You know when people use the cheesy analogy of 'crossroads' to represent change in your life, well I feel like I'm at the crossroads at the moment. I know it sounds a bit dramatic, but I feel like I'm waving off my student years, and moving forward. But it's strange. I mean, I'm not an adult yet, like one of my fellow bloggers wrote about a few days ago (check it out on the link to 'Dreaming Of The Country'). I'm still technically a student. It's strange how I feel so much like I'm in limbo - neither here nor there, just in between the student mindset and the adult mindset. I just dont know where I am.
I know I sound like I'm complaining. I suppose in a way I am. I love what I'm doing at the moment, but it does feel like everything is shifting under my feet. Looking through photos from Aberystwyth, I still get that tug, that pull which says 'go back! Dont you wish you'd never left?' At uni I further grew into the person I am today. Looking through photos of the town, of people, of events, it just makes me wish I could wind back the clock and do it all again.
Man, I sound like an old person who remenisces about the past and forgets there still is a present to live in. However, I am coming to recognise that God's given me lots to be thankful for. Like the fact that I have joined an amazing cell group, which is so encouraging. That this past week God has answered my prayers through the words and actions of those around me. And awesomely, that my home church collected £300 for me to donate towards Careforce! I have so much to praise God for.

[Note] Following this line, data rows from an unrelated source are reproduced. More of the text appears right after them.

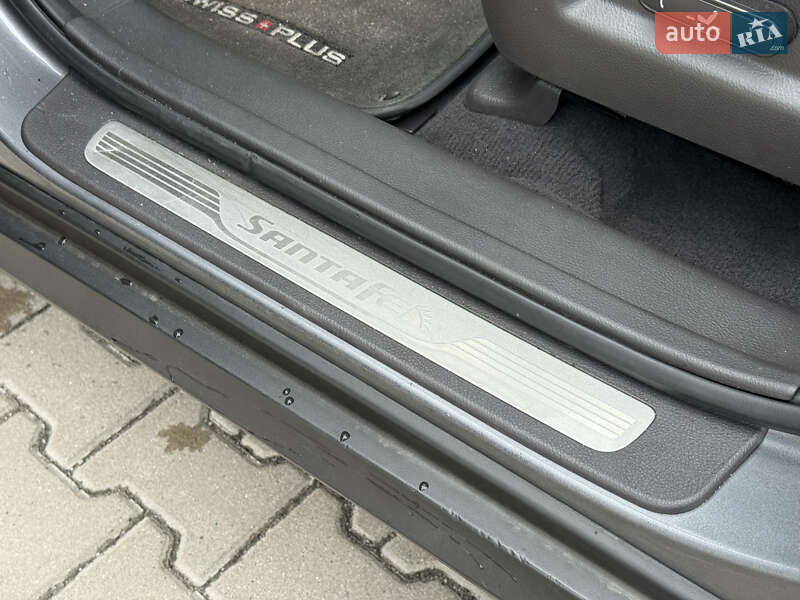 Внедорожник / Кроссовер Hyundai Santa FE 2012 в Ровно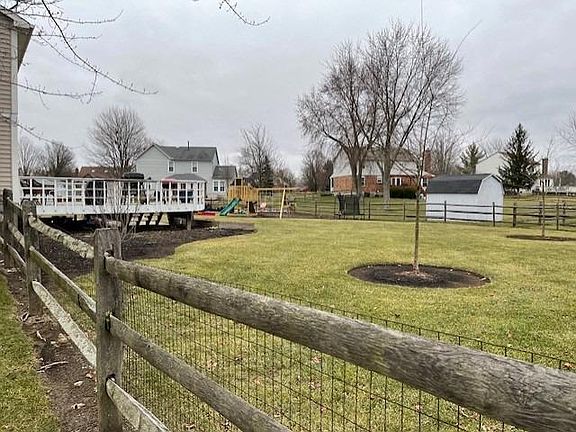 4th image of 8279 Verdant Dr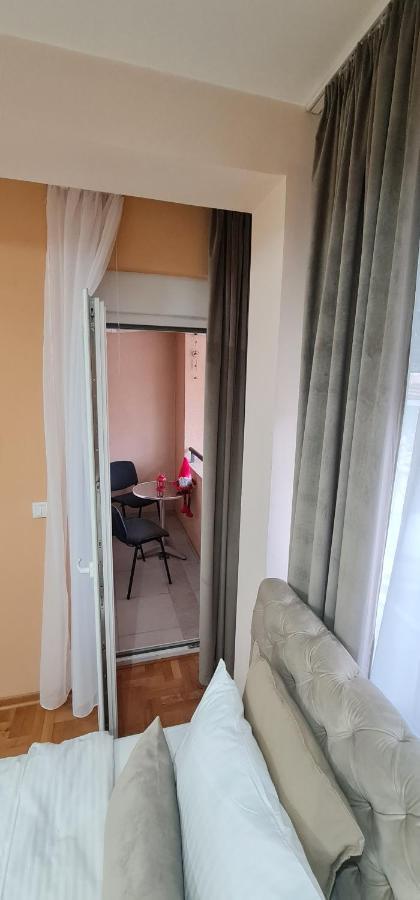 Design Apartment Business Lux 4 Star "Rio" Completely Business Lux Place In The City Center & Free Included Industry Optical Wifi & Netflix & Keyless Code Entry & Full Smart App & Kitchen & Washing Machine & Wide Terrace & Secure 2 Parking Place Ćuprija المظهر الخارجي الصورة
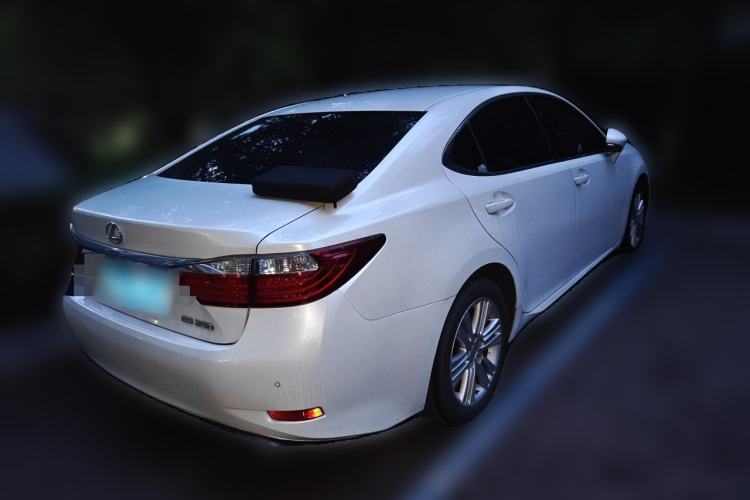 Used Lexus ES 2013 250 Elite Edition Rear Right 45 Deg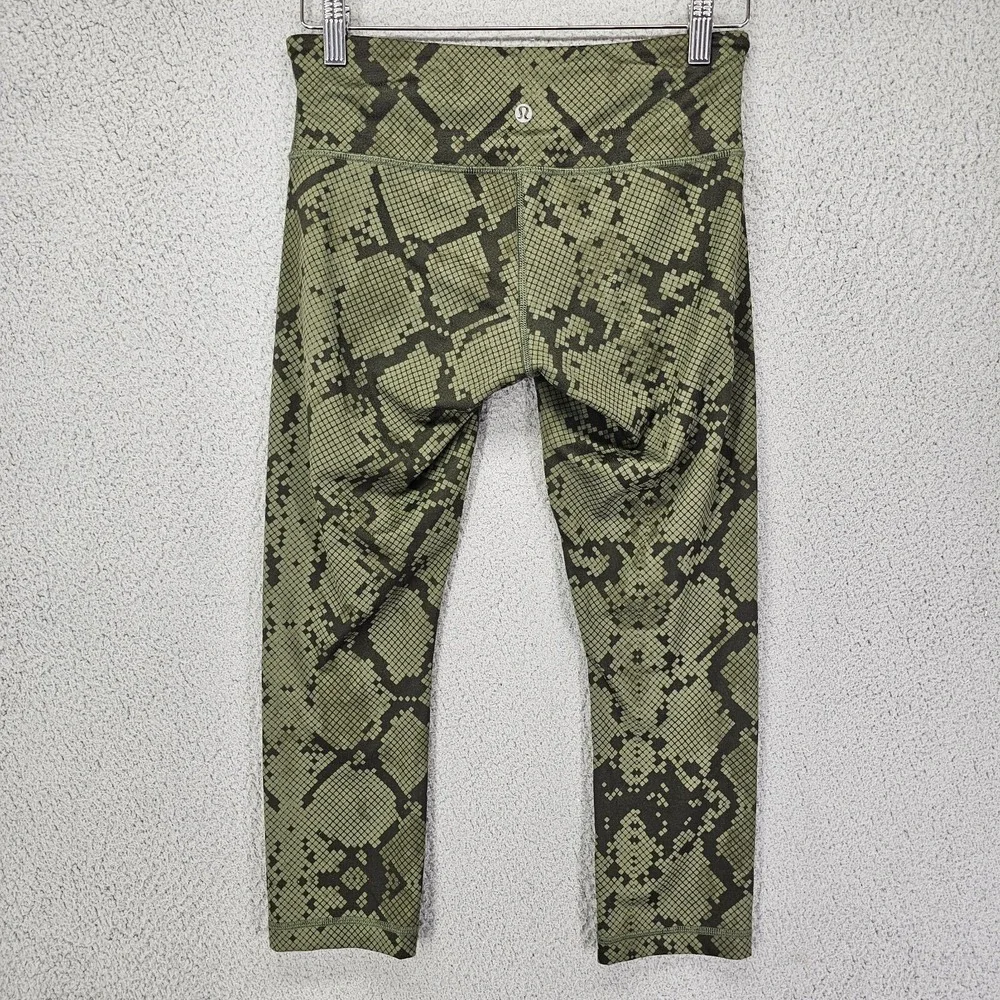 Lululemon Wunder Under Crop III Womens 6 Green Gator Ziggy Snake Fatigue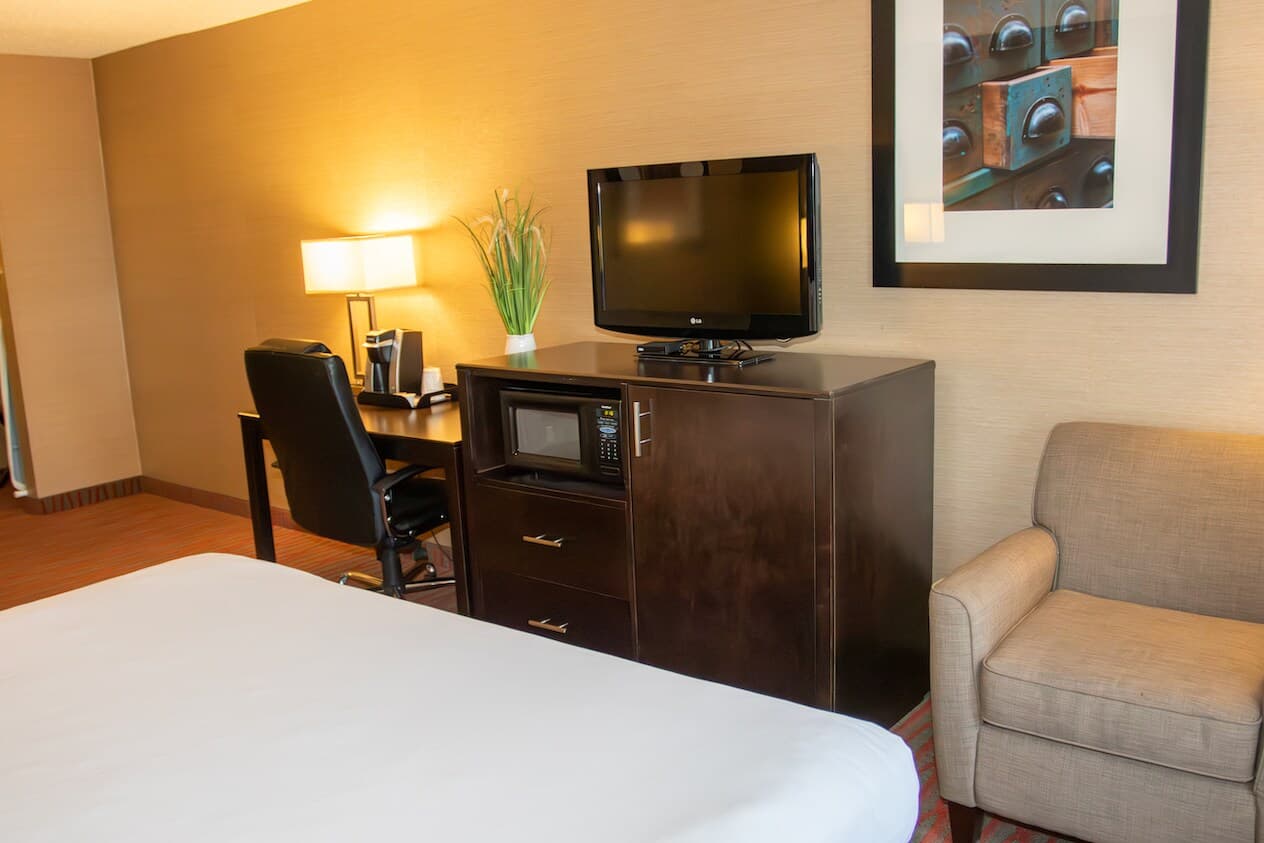Country Inn & Suites by Radisson, Garden City, KS - Image 5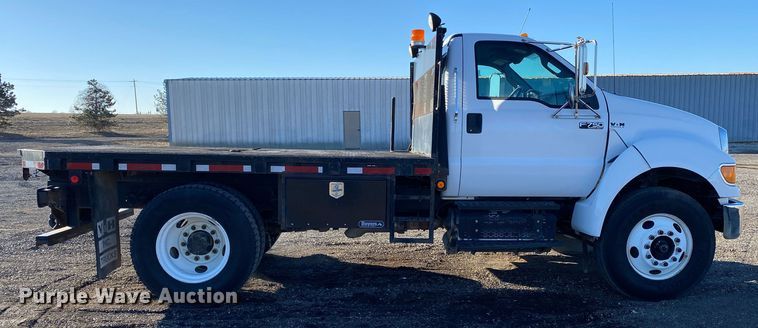 image for item JW9183 2011 Ford F750 Super Duty  flatbed truck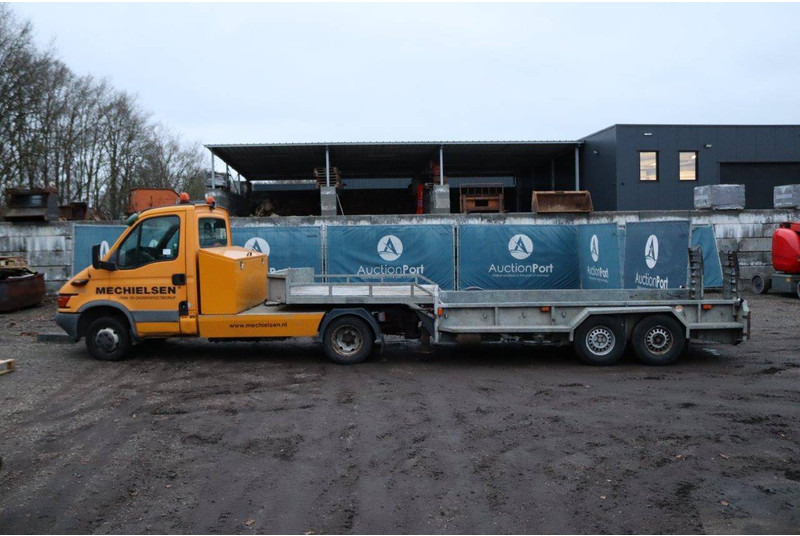 Iveco 40C - Dropside/ Flatbed truck: picture 1 Iveco 40C - Dropside/ Flatbed truck: picture 1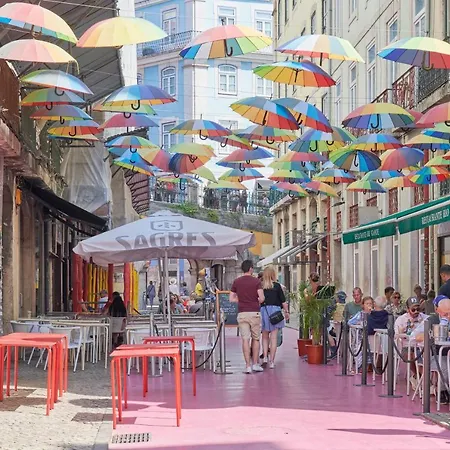 Sunny Pink Street Historical Apt, By Timecooler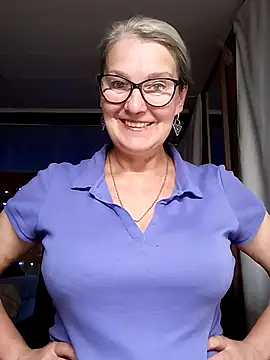 irinamaux online show from 09.18.25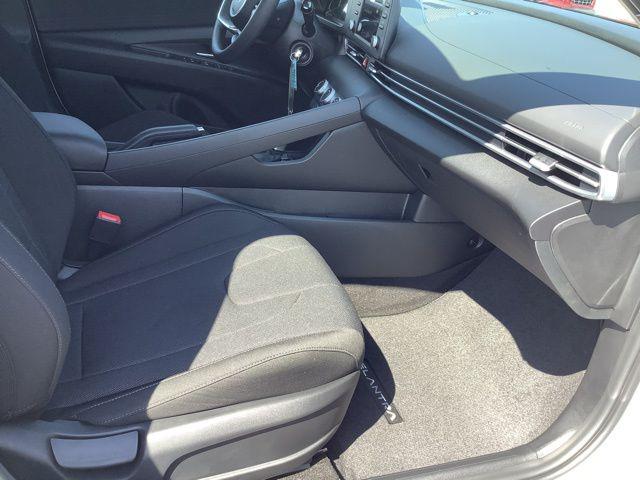 2025 Hyundai Elantra SE photo 18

So, to encourage you, life is filled with the good and the bad, the bitter and the sweet. I have this awesome card given to me by my parents which says 'it takes both rain and sun to make life's rainbows'. On a final note, I remember reading this really awesome bible study which said that we shouldn't let past blessings stop us from moving into God's present blessings. How true. So if any good thing from the past is distracting you from the future, then do what I am doing. Surrender it to God, and cross into the good things God's called you to.